Dramatic drop for illegal immigration

The Obama administration is touting an independent report released Wednesday that shows that the number of illegal immigrants crossing into the U.S. fell by nearly 65 percent in the last two years.


About 300,000 immigrants illegally entered the country each year from March 2007 to March 2009, nearly two-thirds fewer than the 850,000 who annually crossed the border from 2000 to 2005, according to the report by the nonpartisan Pew Hispanic Center.

An estimated 11.1 million illegal immigrants were living in the U.S. in 2009, an 8 percent decline from the peak of 12 million in 2007. That represented the first significant decrease in two decades, the report said.

“We’ve seen a reversal in what had been a long-term growth in the unauthorized immigrant population,” Pew demographer Jeffrey Passel, who co-authored the report, told reporters.

The decline corresponded with a period when authorities beefed up border security and jobs dried up amid the economic recession, though researchers could not pinpoint precisely why immigrant numbers fell.

A Homeland Security Department spokesman said the administration’s increased efforts to secure the border contributed to the declines in border crossings, even though President Barack Obama was in office for only two months out of the two years that the Pew study reviewed.

“This administration’s unprecedented commitment of manpower, technology and infrastructure to the Southwest border has been a major factor in this dramatic drop in illegal crossings,” DHS spokesman Matt Chandler said in a statement.

He later pointed out that the downward trend in border crossings has continued since Obama took office in January 2009, citing Homeland Security statistics that show decreases in illegal-immigrant apprehensions during the past two years.

The new Pew figures, based on Census Bureau data, come as a national debate rages over efforts by state and local governments to clamp down on illegal immigration.
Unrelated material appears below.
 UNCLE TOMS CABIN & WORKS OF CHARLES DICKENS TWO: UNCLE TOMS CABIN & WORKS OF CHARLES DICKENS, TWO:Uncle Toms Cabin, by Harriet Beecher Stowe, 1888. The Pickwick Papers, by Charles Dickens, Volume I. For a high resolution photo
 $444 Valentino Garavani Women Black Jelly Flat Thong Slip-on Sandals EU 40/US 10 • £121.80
The issue has figured prominently in the midterm election season as candidates from around the country have touted their border security credentials.
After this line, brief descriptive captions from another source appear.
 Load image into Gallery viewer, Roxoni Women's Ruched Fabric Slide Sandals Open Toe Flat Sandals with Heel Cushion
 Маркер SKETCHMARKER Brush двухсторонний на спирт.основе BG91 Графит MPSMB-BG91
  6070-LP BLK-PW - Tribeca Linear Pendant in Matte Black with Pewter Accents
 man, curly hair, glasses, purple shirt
Republicans have hammered Democrats, saying they are soft on illegal immigration and have not done enough to shore up the Southwest border.

But Chandler said the Department of Homeland Security has cracked down on employers who hire illegal immigrants, deported a large number of criminal aliens and sent hundreds of millions of dollars in additional resources to the border.
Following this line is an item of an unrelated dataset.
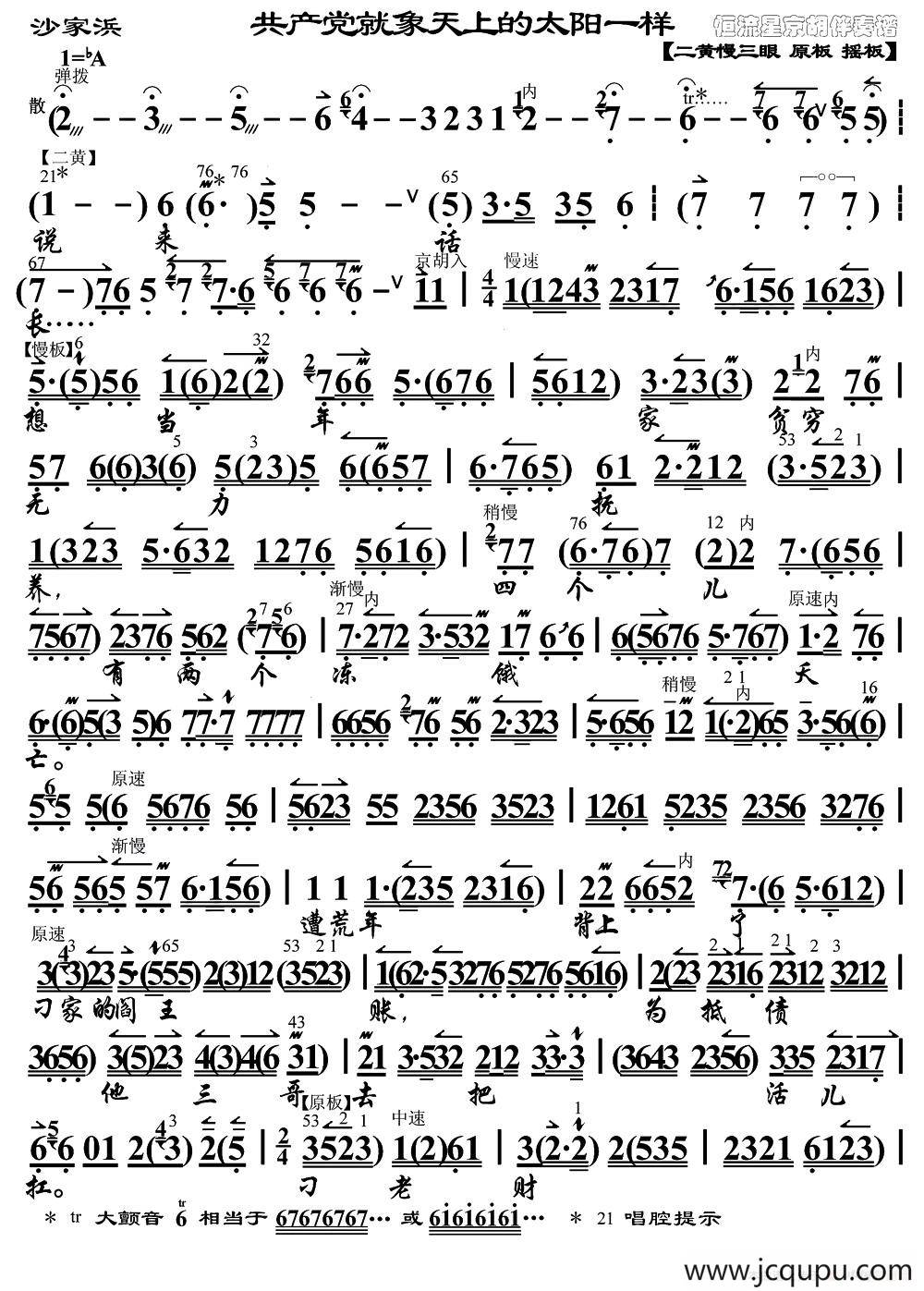 共产党就象天上的太阳一样（《沙家浜》沙奶奶唱段、琴谱）简谱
“The Border Patrol is better staffed than at any time in its 85-year history, and the Southwest border is more secure than ever before,” Chandler added.

Just this week, the first wave of 1,200 National Guard troops deployed by Obama began arriving on the 2,000-mile U.S.-Mexico border. Homeland Security Secretary Janet Napolitano said Monday that a Predator drone would begin patrolling the skies above the Southwest border this week, part of $600 million in border security funding authorized by Congress last month.